The addition of Tenmo ADFa (10–9 mol l–1)to the peritubular Ringer solution significantly (P<0.01)decreased the rate of transepithelial fluid secretion from 0.94 nl min–1 to 0.44±0.08 nl min–1(Fig. 1A). However, Tenmo ADFa had no effect on the concentrations of Na+, K+, and Cl– in secreted fluid. In the presence of 10–9 mol l–1 Tenmo ADFa, the Na+concentration in secreted fluid was 98.6±16.0 mmol l–1, K+ concentration 54.9±8.2 mmol l–1, and Cl– concentration 144.7±20.2 mmol l–1 (Fig. 1B). In the absence of significant effects on the concentrations of secreted ions, the rates of transepithelial ion secretion fell proportionally with the decrease in fluid secretion. The rate of transepithelial Na+ significantly dropped from 81.9 pmol min–1 to 46.9±12.2 pmol min–1. Transepithelial K+ significantly fell from secretion 52.9 pmol min–1 to 23.4±4.6 pmol min–1, and transepithelial Cl– secretion significantly decreased from 131.3 pmol min–1 to 65.6±14.5 pmol min–1. In the presence of Tenmo ADFa, the sum of the concentrations of Na+, K+, and Cl– in secreted fluid was 298.1±42.0 mmol l–1 and not significantly different from control. Significant reduction in the rates of transepithelial ion and water secretion without significant effects on the concentrations of secreted Na+, K+ and Cl– (and hence osmotic pressure) reveals Tenmo ADFa as an inhibitor of isosmotic fluid secretion.

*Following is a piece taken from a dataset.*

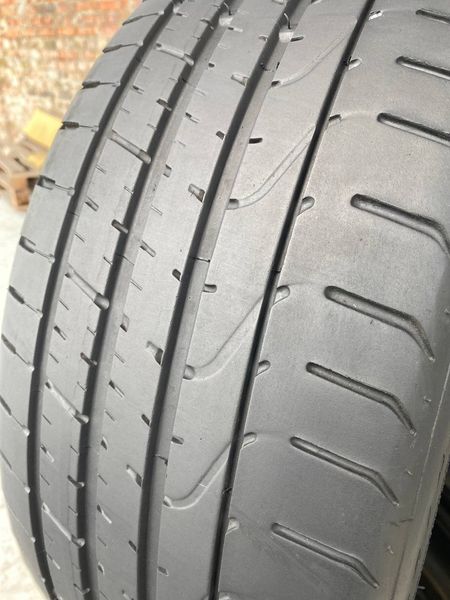 225/40R19 Pirelli P Zero 0958 фото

Effects of Tenmo ADFa on electrophysiological variables of Malpighian tubules
Under perfusion of the tubule lumen with the same Ringer solution present in the peritubular bath, the transepithelial voltage Vtwas 32.7±9.4 mV (lumen-positive) in seven Malpighian tubules and remained near that value at 31.3±9.5 mV in the presence of 10–9 mol l–1 Tenmo ADFa(Fig. 2A). The transepithelial resistance Rt was 14.3±1.6 kΩcm in the same seven Malpighian tubules under control conditions and did not change significantly (14.6±1.7 kΩcm) in the presence of Tenmo ADFa(Fig. 2B). Thus, Tenmo ADFa reduces the rate of isosmotic fluid secretion without affecting transepithelial electrogenic and conductive transport pathways.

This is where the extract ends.